INFORMATION SUPPLIED
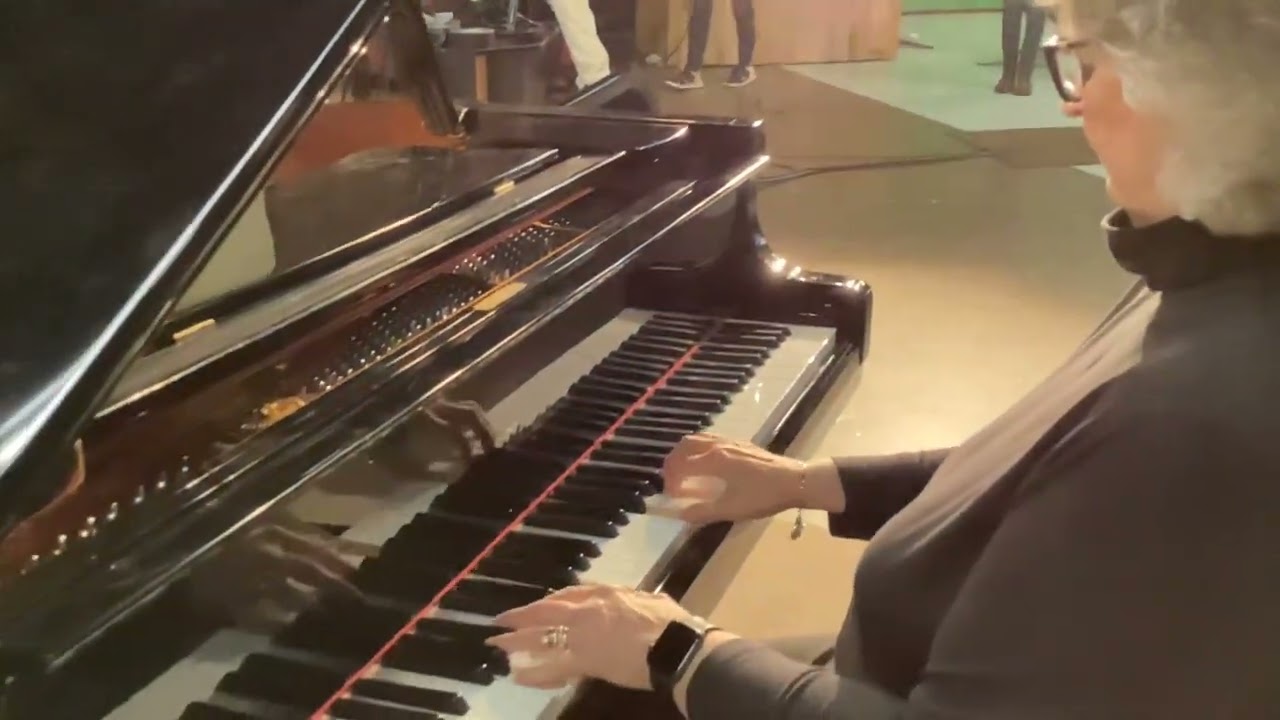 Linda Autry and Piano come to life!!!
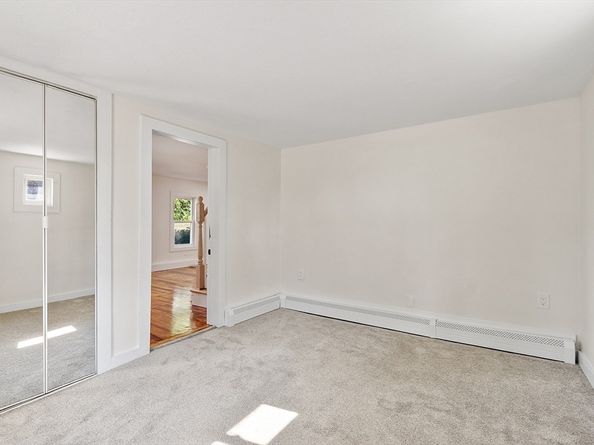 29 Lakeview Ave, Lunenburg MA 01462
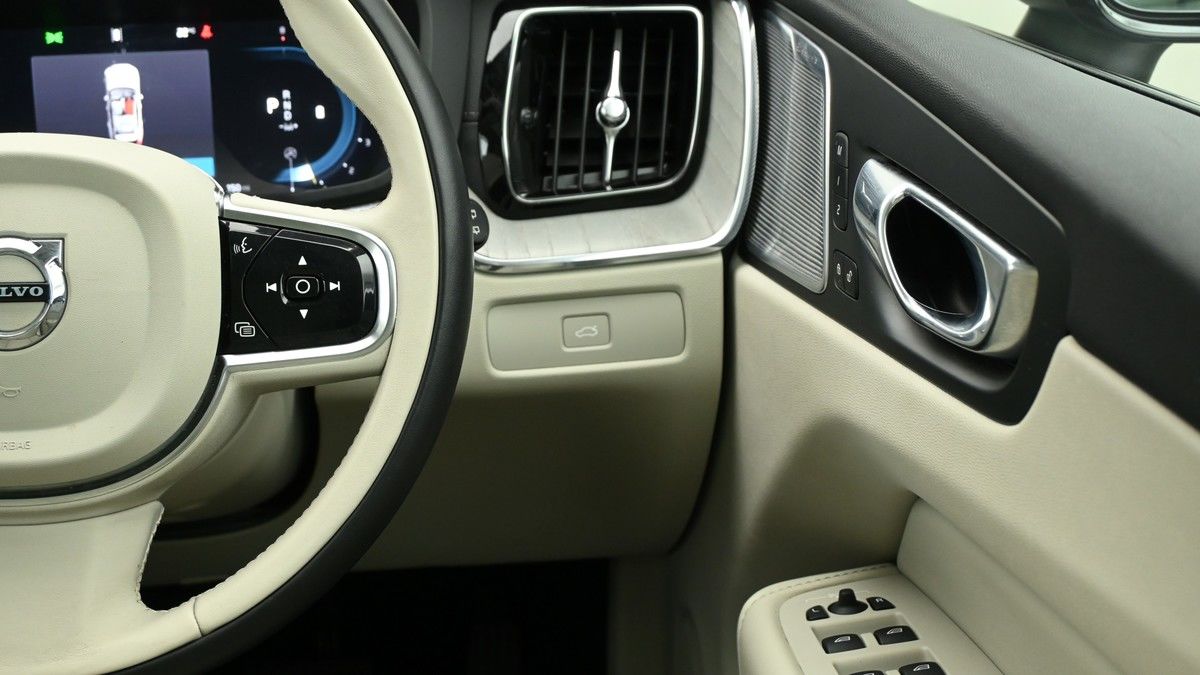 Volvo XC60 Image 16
* * *
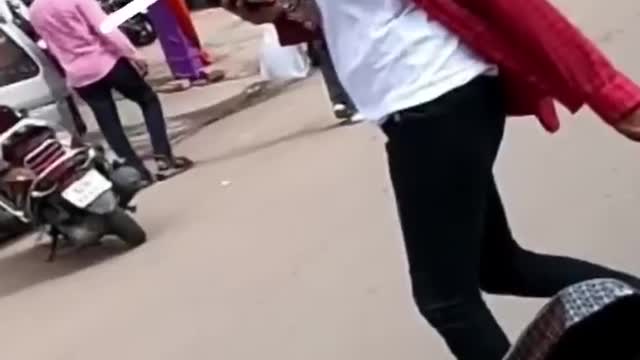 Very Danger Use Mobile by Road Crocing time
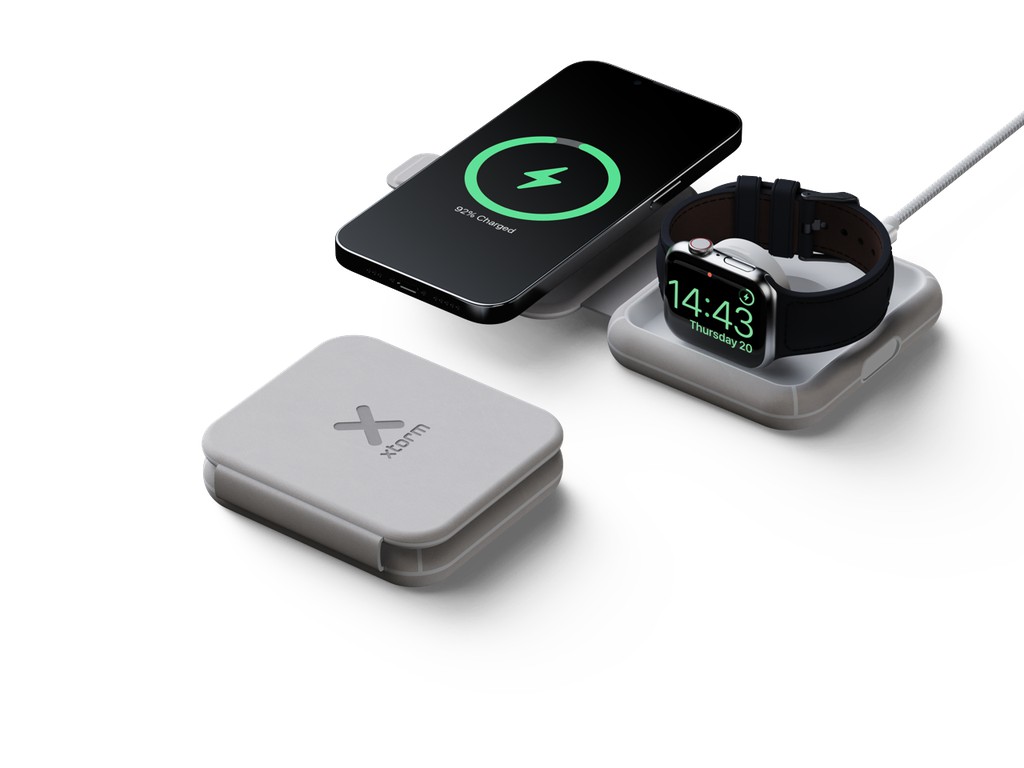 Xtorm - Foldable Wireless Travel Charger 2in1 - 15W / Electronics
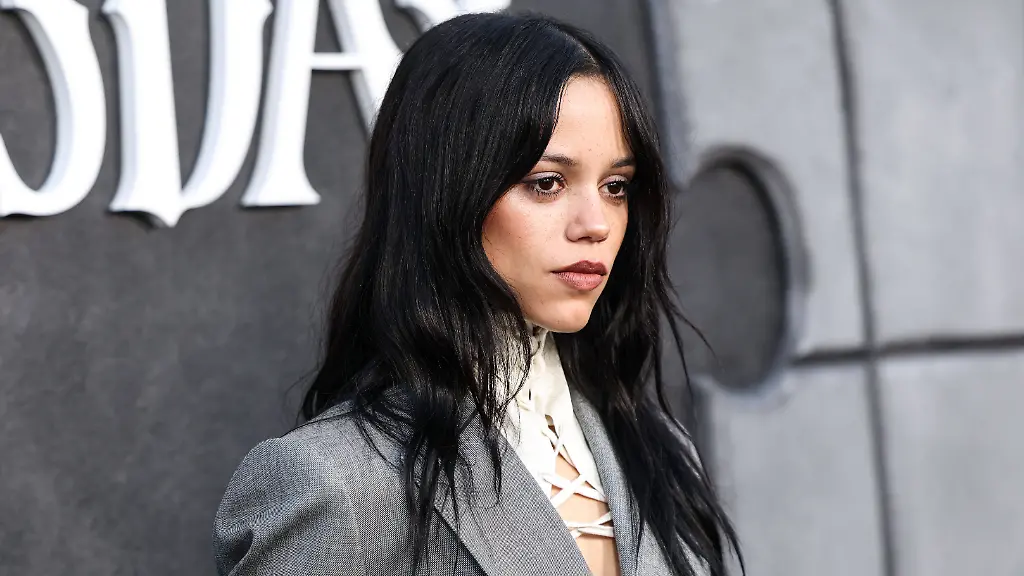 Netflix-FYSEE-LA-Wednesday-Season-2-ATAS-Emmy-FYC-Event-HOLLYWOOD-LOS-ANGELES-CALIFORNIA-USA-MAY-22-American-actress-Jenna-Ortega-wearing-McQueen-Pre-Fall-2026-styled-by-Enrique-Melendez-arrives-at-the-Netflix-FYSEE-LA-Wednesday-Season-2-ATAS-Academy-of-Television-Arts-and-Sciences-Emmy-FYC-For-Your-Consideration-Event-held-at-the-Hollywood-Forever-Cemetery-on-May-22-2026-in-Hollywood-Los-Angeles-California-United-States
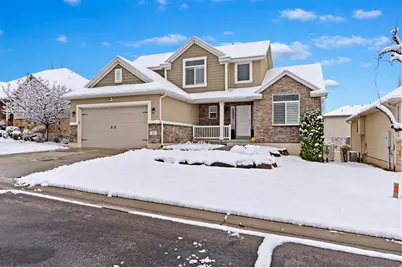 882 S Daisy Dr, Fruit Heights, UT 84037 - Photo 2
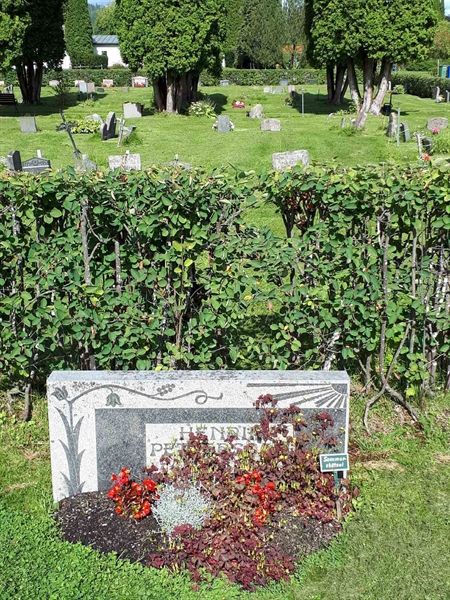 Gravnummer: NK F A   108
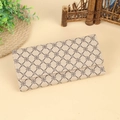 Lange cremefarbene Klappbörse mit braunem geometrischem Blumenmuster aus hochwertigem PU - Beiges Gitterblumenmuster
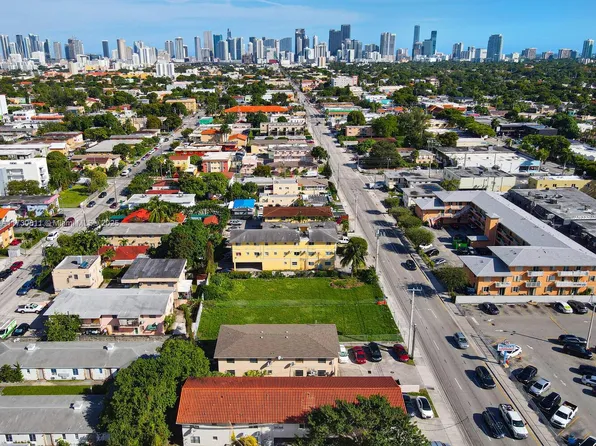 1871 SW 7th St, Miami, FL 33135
* * *
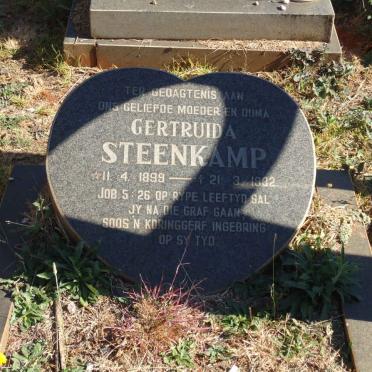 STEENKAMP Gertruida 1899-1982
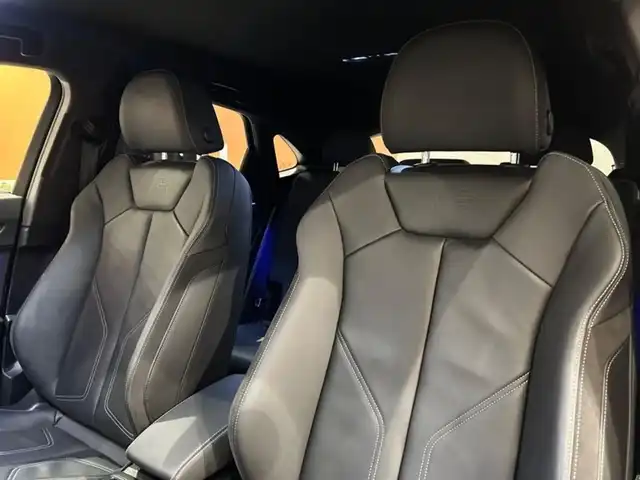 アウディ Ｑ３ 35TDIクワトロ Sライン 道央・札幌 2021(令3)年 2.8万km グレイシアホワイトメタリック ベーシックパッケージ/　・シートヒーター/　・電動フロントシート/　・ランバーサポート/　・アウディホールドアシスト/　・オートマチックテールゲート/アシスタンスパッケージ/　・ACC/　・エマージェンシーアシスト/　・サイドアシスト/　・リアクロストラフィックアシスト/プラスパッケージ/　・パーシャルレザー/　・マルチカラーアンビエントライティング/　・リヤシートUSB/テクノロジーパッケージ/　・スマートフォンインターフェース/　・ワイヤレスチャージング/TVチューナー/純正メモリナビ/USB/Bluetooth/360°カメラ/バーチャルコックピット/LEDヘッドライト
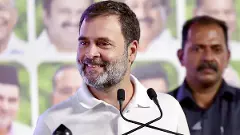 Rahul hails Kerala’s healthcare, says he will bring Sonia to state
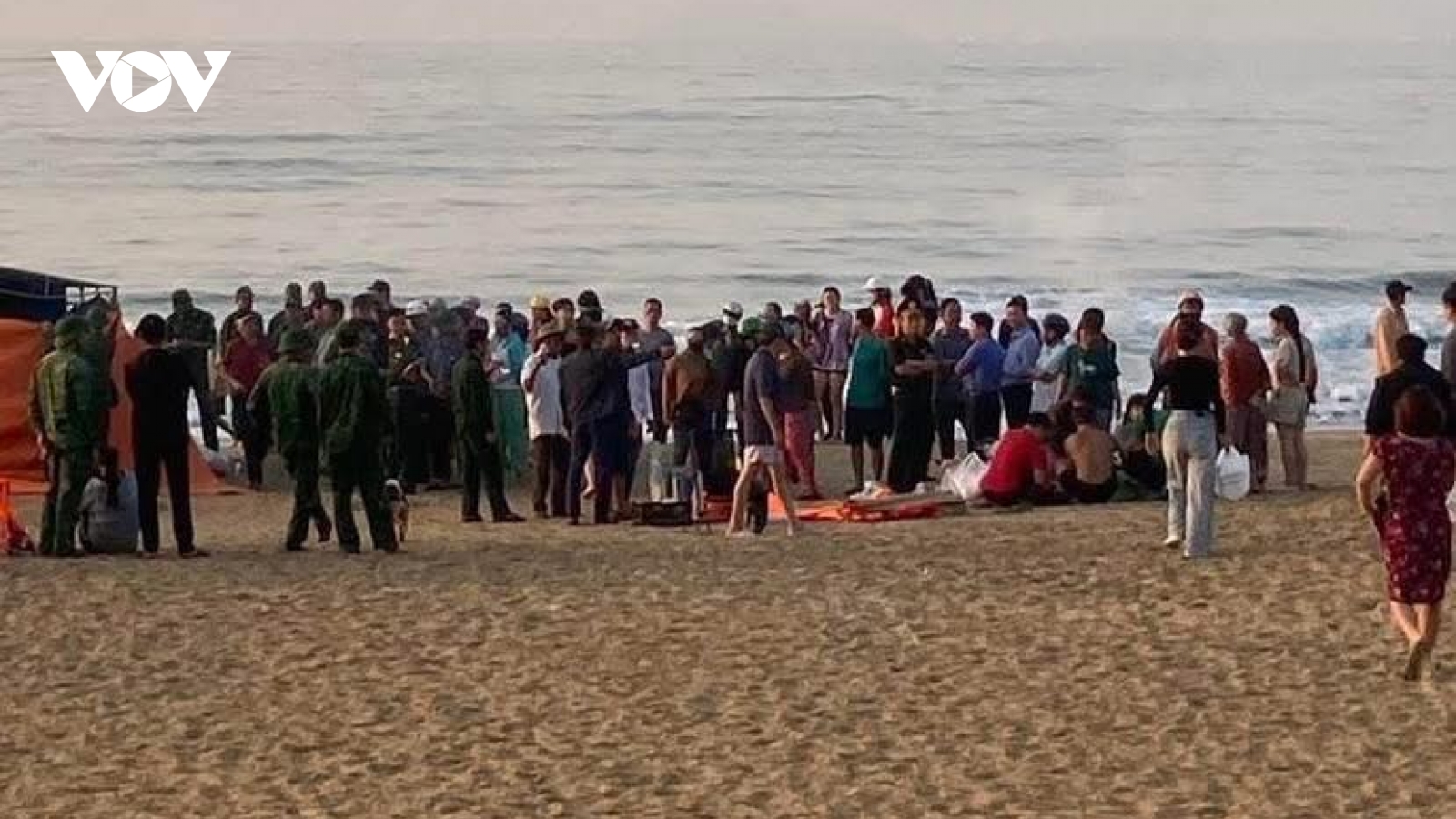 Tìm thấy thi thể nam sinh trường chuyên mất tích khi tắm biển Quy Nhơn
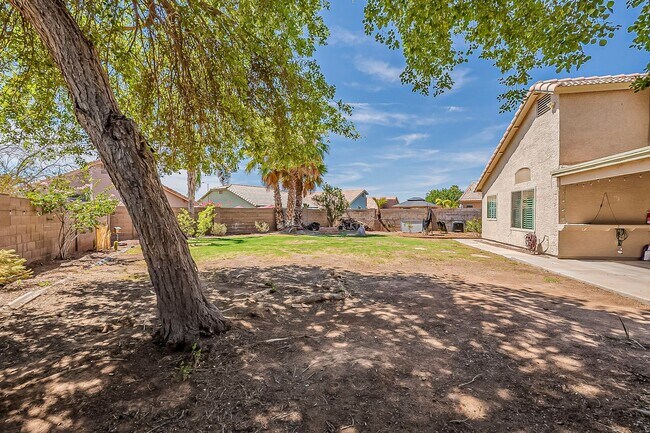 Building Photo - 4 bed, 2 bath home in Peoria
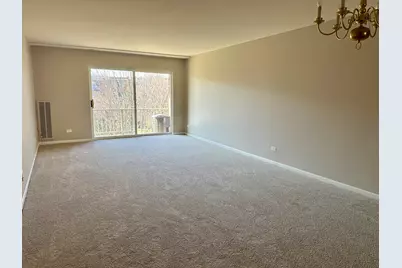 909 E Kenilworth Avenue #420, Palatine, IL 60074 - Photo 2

EXERCISE REQUIREMENTS
Though the entries above contain pictures, none should be copied; reproduce only the lines between the one holding "Linda Autry and Piano come to life!!!" and the one holding "Volvo XC60 Image 16", inclusive, exactly as written.

YOUR RESPONSE
 Linda Autry and Piano come to life!!!
 29 Lakeview Ave, Lunenburg MA 01462
 Volvo XC60 Image 16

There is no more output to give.